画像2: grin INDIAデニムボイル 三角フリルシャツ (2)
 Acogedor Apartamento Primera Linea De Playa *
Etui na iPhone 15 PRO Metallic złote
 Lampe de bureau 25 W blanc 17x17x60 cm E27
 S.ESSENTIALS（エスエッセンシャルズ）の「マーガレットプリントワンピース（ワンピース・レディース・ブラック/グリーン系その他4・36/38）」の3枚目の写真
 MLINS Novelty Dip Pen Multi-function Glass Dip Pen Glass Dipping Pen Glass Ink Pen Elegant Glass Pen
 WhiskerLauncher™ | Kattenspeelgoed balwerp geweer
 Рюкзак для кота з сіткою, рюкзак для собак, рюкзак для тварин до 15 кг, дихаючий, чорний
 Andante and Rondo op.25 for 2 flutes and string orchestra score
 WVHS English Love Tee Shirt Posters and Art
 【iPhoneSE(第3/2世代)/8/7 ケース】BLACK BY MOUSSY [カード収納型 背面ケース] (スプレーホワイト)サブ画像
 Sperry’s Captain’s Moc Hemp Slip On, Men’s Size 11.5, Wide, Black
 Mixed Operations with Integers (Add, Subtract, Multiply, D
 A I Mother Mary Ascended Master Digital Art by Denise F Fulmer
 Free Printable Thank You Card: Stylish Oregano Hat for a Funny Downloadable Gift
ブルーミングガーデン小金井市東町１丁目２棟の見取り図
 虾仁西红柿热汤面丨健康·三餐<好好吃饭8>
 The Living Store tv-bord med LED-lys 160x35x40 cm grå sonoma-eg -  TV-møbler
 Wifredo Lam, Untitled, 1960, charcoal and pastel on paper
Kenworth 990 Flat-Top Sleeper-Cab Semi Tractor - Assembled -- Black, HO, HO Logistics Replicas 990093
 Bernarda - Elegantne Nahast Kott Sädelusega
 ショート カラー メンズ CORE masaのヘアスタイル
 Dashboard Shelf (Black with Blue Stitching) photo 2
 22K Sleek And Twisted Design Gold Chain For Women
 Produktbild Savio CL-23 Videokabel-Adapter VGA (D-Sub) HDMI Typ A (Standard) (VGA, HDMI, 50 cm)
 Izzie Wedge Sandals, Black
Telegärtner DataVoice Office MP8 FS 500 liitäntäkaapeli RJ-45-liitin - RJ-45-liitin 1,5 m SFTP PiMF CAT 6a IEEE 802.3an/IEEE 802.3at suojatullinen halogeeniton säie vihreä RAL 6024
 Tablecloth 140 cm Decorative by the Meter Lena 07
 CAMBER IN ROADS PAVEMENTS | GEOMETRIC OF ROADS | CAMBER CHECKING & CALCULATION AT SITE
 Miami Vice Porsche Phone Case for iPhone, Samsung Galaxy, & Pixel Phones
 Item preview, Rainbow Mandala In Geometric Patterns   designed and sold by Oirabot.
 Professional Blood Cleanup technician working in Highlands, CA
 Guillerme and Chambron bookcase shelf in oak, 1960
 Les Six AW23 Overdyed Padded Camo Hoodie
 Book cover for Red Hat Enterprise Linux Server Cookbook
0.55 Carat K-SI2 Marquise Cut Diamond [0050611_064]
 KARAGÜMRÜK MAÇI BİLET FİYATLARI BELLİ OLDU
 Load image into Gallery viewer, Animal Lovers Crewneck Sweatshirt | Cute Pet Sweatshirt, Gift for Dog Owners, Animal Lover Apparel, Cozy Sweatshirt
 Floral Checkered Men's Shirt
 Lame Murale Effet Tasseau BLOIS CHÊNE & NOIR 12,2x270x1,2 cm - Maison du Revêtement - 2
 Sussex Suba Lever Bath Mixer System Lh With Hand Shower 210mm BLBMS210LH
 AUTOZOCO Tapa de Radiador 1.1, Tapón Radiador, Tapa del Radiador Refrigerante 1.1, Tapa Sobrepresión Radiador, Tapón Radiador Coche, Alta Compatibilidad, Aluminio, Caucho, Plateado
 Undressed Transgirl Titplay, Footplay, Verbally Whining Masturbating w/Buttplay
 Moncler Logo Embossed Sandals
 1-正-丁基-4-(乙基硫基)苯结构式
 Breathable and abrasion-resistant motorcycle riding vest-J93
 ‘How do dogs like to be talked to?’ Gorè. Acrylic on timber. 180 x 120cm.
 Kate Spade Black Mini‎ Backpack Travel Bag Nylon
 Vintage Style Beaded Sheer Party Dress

PROBLEM REQUIREMENTS: Copy the lines of the data above exactly as written, beginning with the line containing "The Living Store" and ending with the line containing "Kenworth 990 Flat-Top", and leave out all other lines.

RESPONSE BELOW:
 The Living Store tv-bord med LED-lys 160x35x40 cm grå sonoma-eg -  TV-møbler
 Wifredo Lam, Untitled, 1960, charcoal and pastel on paper
Kenworth 990 Flat-Top Sleeper-Cab Semi Tractor - Assembled -- Black, HO, HO Logistics Replicas 990093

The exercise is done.